What is expected
In the material below, pictures must be dropped. Repeat exactly, and only, the lines from the line with "So before wasting" to the line with "What about the", both ends included.

Task data

● ● ●

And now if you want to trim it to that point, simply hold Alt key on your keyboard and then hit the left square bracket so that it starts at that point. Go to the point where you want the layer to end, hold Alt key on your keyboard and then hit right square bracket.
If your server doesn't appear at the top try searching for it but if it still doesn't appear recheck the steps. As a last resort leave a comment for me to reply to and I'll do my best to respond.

● ● ●

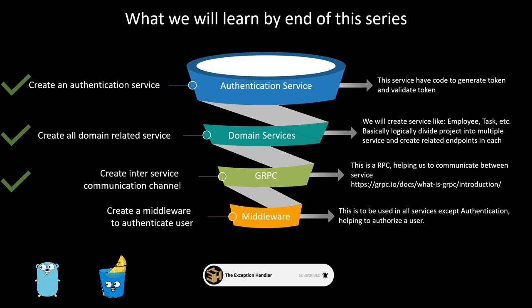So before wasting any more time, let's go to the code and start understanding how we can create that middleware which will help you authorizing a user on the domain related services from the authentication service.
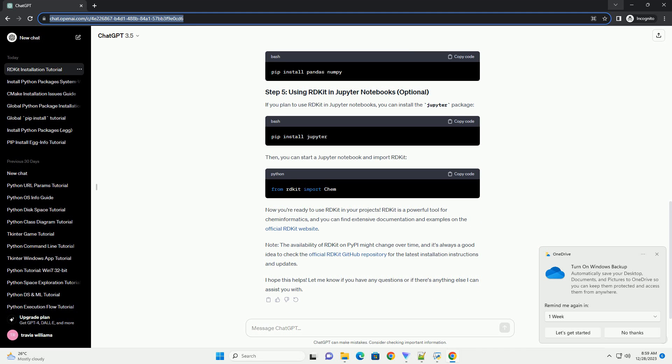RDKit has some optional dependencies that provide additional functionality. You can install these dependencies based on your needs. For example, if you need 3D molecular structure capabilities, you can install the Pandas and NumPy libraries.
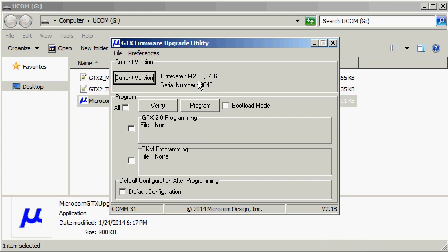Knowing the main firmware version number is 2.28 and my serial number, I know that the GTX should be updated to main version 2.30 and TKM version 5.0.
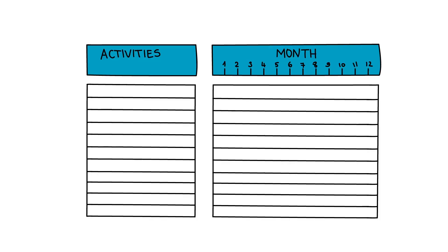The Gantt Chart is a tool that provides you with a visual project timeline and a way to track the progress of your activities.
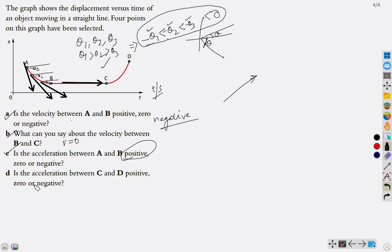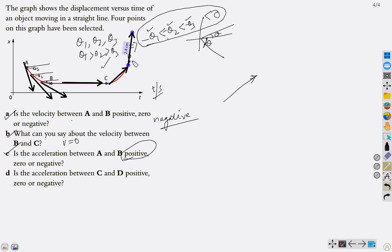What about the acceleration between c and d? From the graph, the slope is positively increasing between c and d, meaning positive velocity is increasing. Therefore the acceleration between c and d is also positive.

● ● ●

Answer space
So before wasting any more time, let's go to the code and start understanding how we can create that middleware which will help you authorizing a user on the domain related services from the authentication service.
RDKit has some optional dependencies that provide additional functionality. You can install these dependencies based on your needs. For example, if you need 3D molecular structure capabilities, you can install the Pandas and NumPy libraries.
Knowing the main firmware version number is 2.28 and my serial number, I know that the GTX should be updated to main version 2.30 and TKM version 5.0.
The Gantt Chart is a tool that provides you with a visual project timeline and a way to track the progress of your activities.
What about the acceleration between c and d? From the graph, the slope is positively increasing between c and d, meaning positive velocity is increasing. Therefore the acceleration between c and d is also positive.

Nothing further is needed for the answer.